Minty Fresh looked at the cash machine, which was still blinking the message INSTRUCTIONS IN ENGLISH, SPANISH, OR JAPANESE. CHOOSE ONE. "You'll need to choose a language, sir." He reached down and pushed the English button. "It should be fine now."
Coyote inserted a card and punched two numbers on the keyboard, then looked at Minty. "This is my secret number."
"Yes," Minty said. "If you need anything at all, please ask for me personally." He turned and walked away.
Coyote finished punching the PIN number. When the machine prompted him for an amount he punched in $9999.99, the maximum allowed by the six-figure field. The machine whirred and spit five hundred dollars into the tray, then flashed a message saying that this was the card's transaction limit. Coyote tried the card again and got another five hundred. The third time the machine refused the transaction so Coyote tried another card. After running all of Sam's cards to their limit he walked away from the machine with twenty thousand dollars in cash.
Coyote went to the roulette table and held the four-inch brick of twenties out to the croupier, a slight Oriental woman in a red-and-purple silk doublet with a name badge that read, Lady Lihn . The croupier said, "On the table." She gestured for Coyote to put the money down. She nodded to a pit boss. "Watch count, please," she said mechanically. The pit boss, a sharp-faced, slick-haired Italian man wearing a polyester suit and a ten-thousand-dollar Rolex, moved to her side and watched as she counted the bills out on the table.

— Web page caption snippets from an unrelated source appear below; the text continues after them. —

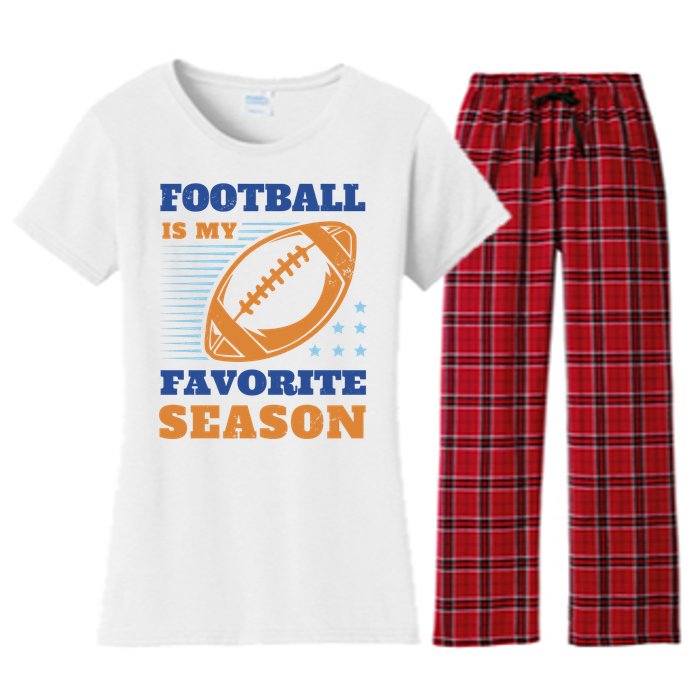 Football Is My Favorite Season Women's Flannel Pajama Set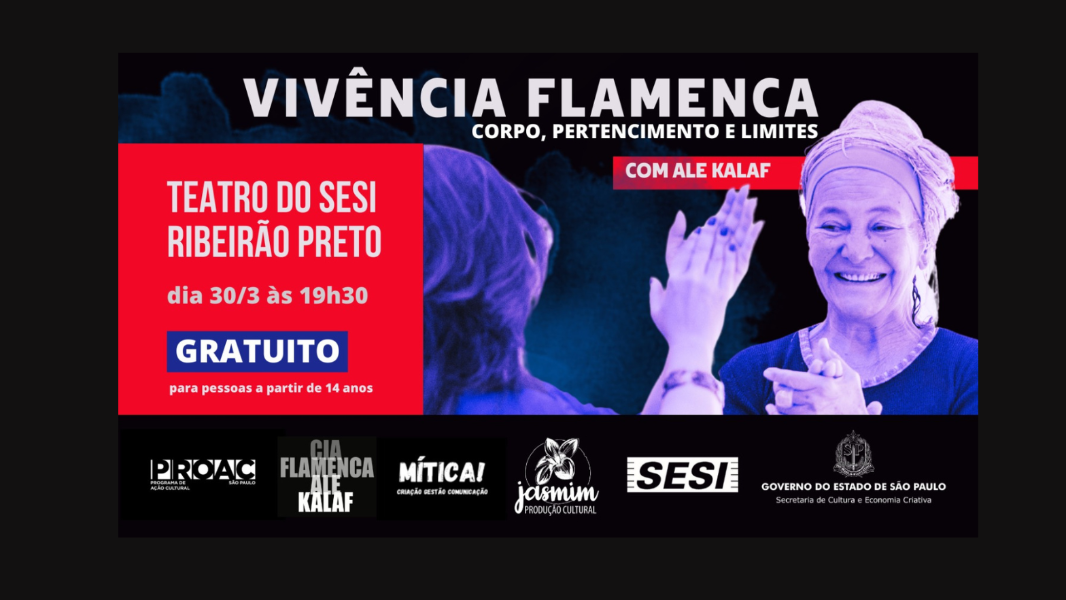 Image OFICINA VIVÊNCIA FLAMENCA COM ALE KALAF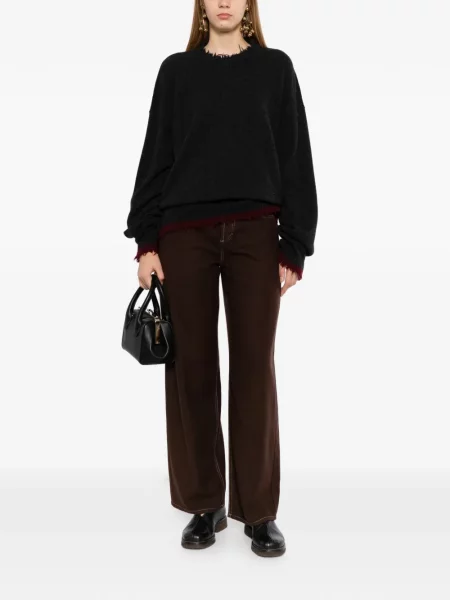 Pantaloni Uma Wang maro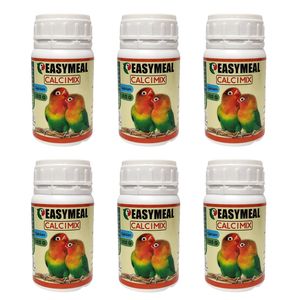 مکمل کلسیم پرندگان زینتی ایزیمیل مدل calcimix100 وزن 100 گرم بسته 6 عددی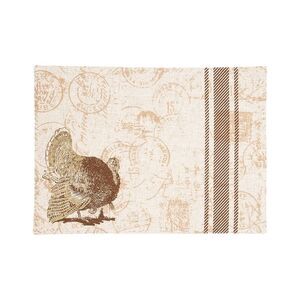 C&F Home Rustic Thanksgiving Turkey 100% Polyester Set of 6 Placemats 13" x 18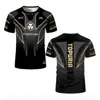 2025 Amazon Teum Export Transfronterizo Impresión Digital 3D Camiseta Casual de Manga Corta con Cuello Redondo Personalizada para Hombre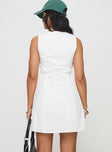 back view of model wearing Princess Polly Talisse Dress White Square Neck 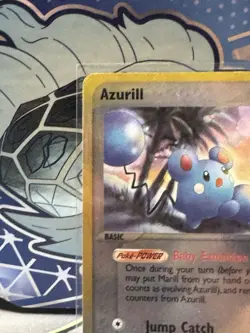 Pokemon TCG Card - Azurill - Sandstorm 31/100 Uncommon - Reverse Holo LP/MP - Image 2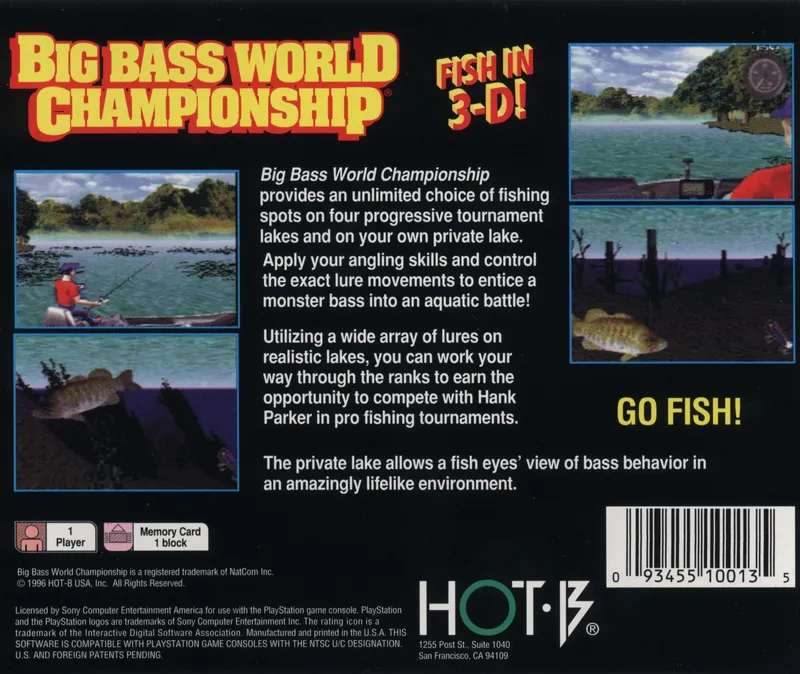 Big Bass World Championship box back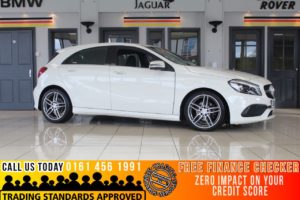 Used 2015 WHITE MERCEDES-BENZ A-CLASS Hatchback 2.1 A 200 D AMG LINE PREMIUM 5d AUTO 134 BHP (reg. 2015-11-16) for sale in Bramhall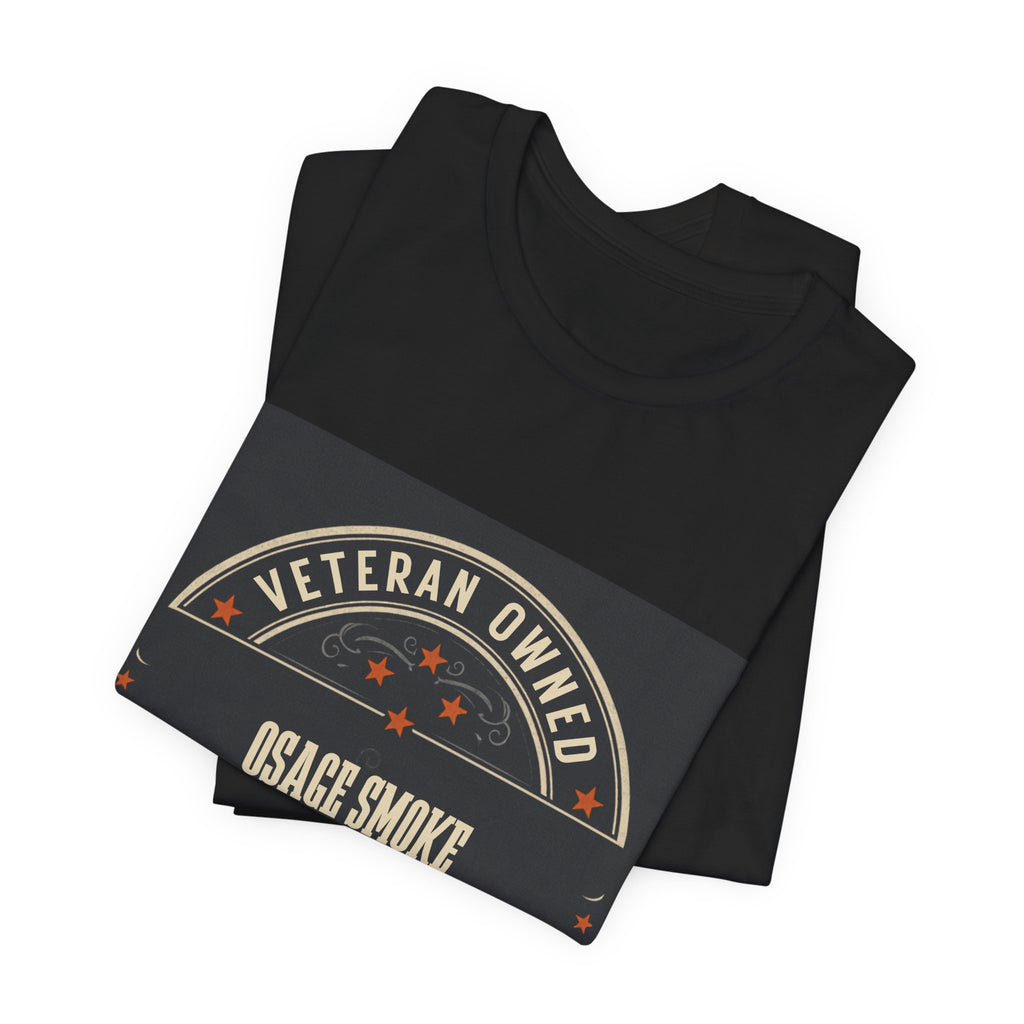 Veteran-Owned Osage Smoke T-Shirt — Central Missouri Emblem Tee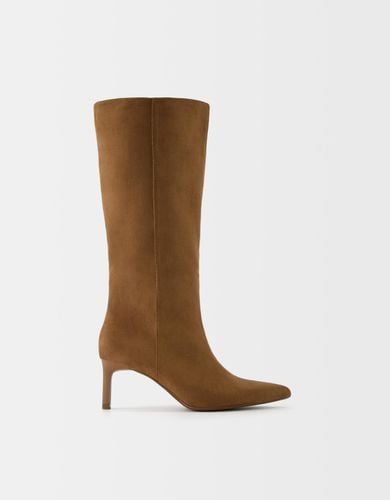 Bota Tacón Kitten Mujer 38 - Bershka - Modalova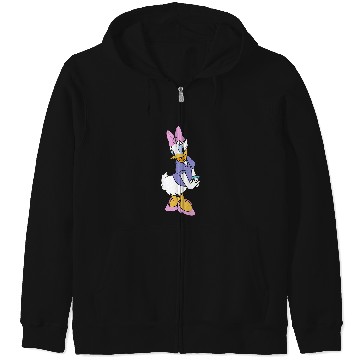 Discover Disney Daisy Duck Traditional Pose Zip Hoodies
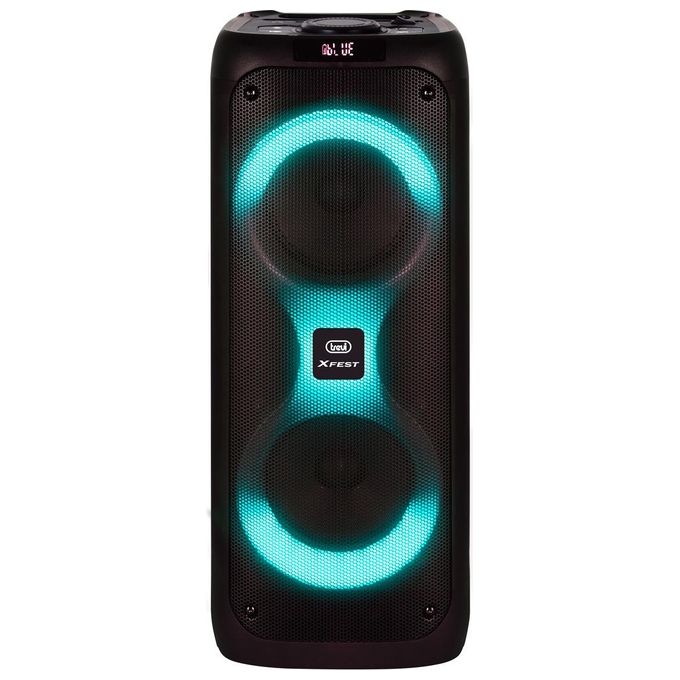 Trevi XF 480 KB XFest Altoparlante Amplificato Portatile 35W Wireless Karaoke USB Micro SD AUX-IN TWS Batteria Integrata colore Nero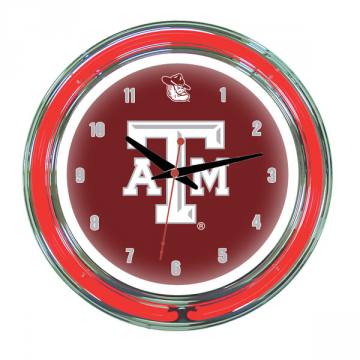 Texas A&M Aggies 14 Inch Neon Clock
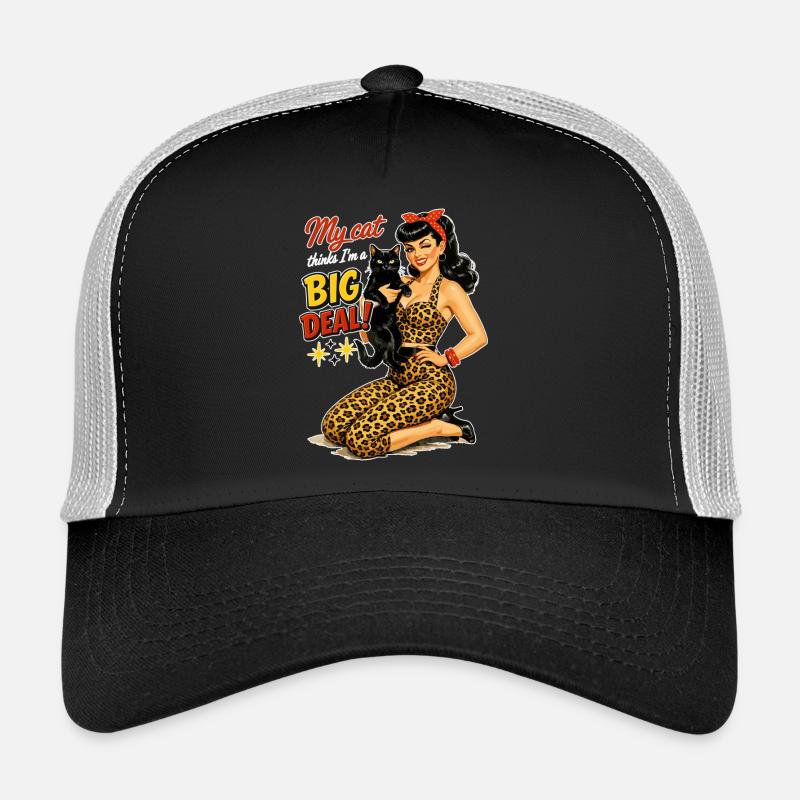 Rockabella & Chat : Mon chat pense que je suis une grande chose Casquette trucker 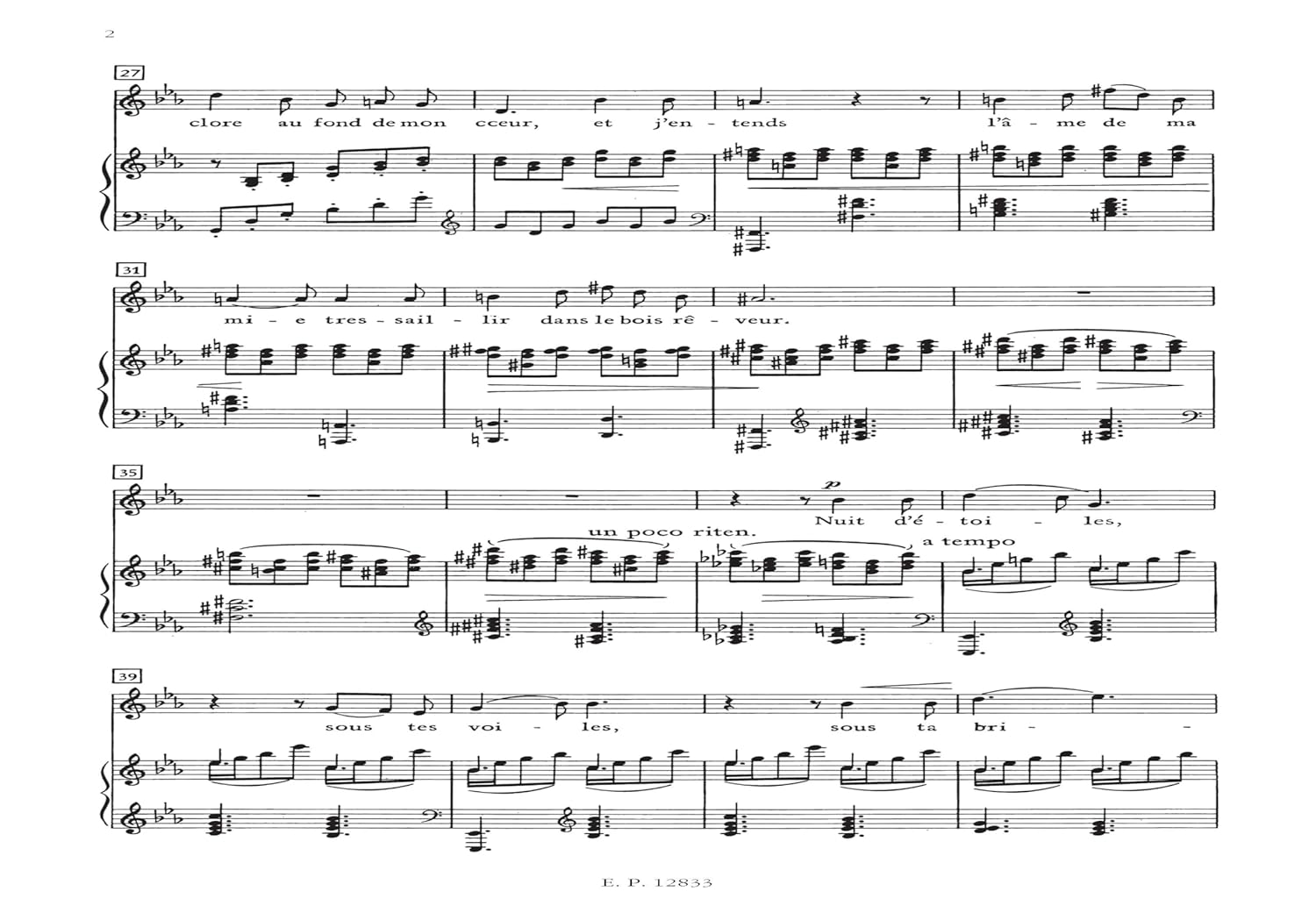 Debussy: Early Songs (1876-85) by various poets (Voice and Piano) (EP9244)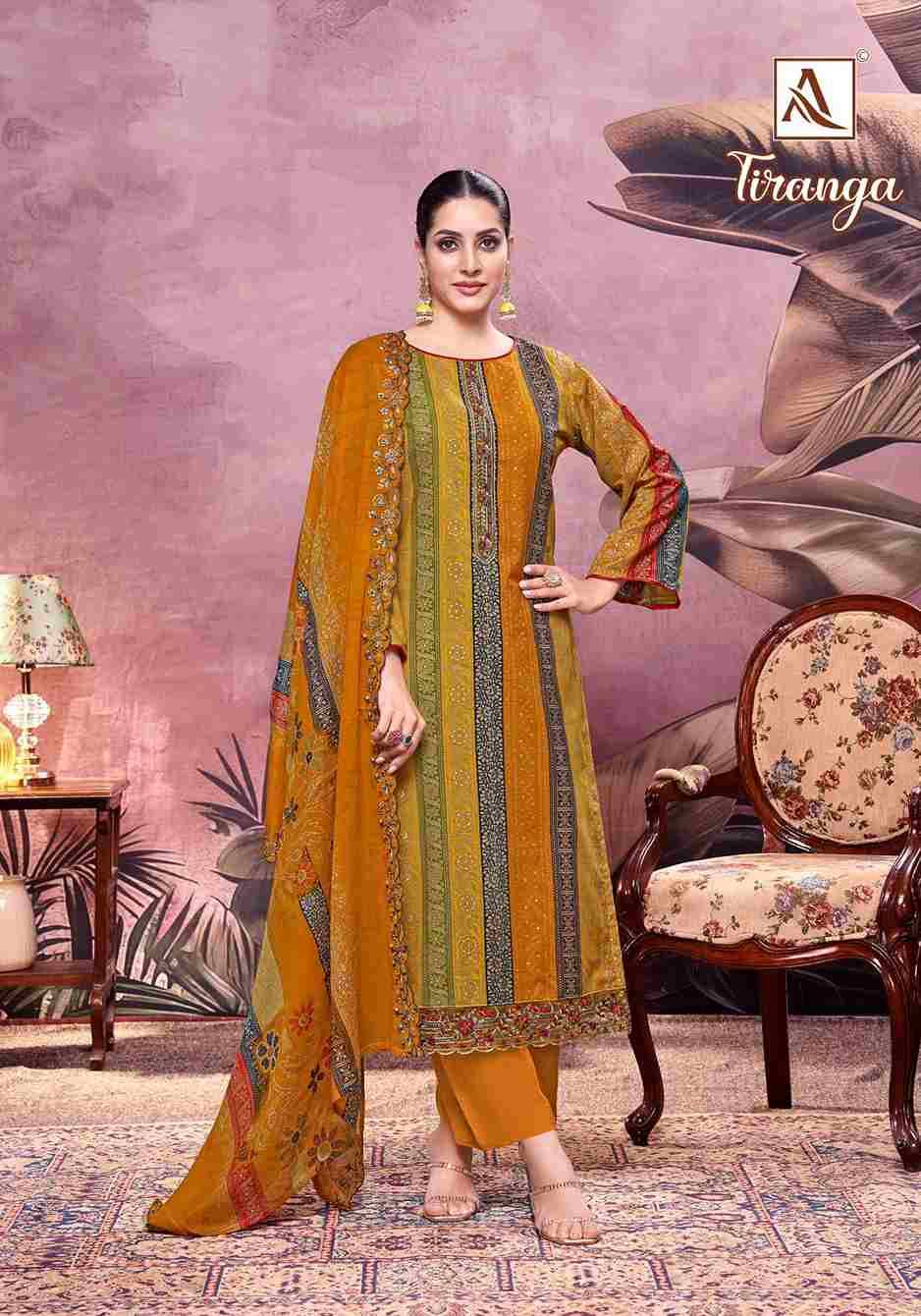 Tiranga By Alok Suit 2039-856-01 To 2039-856-06 Series Beautiful Festive Suits Colorful Stylish Fancy Casual Wear & Ethnic Wear Pure Cambric Cotton Dresses At Wholesale Price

"Changing twenty thousand," Lady Lihn said. "How would you like this, sir?"
"Red ones," Coyote said. The pit boss raised an eyebrow and smirked. Lady Lihn looked irritated.
"Red is five dollar. No room on table."
The pit boss addressed Coyote. "Perhaps you'd like two hundred in fives and the rest in hundreds, sir."
"What color are the hundreds?" Coyote said.
"Black," Lady Lihn said.
"Yellows," Coyote said.
"Yellows are two dollars."
"You pick," Coyote said.
Lady Lihn counted out racks of chips and pushed them in front of Coyote. The pit boss nodded to a cocktail waitress, then to the stack of chips in front of Coyote, which the cocktail waitress interpreted as "Take the order." The cocktail waitress would bring strong drinks until Coyote started to get drunk, then she would bring watered drinks until he looked tired, when she would offer coffee and disappear until the caffeine kicked in.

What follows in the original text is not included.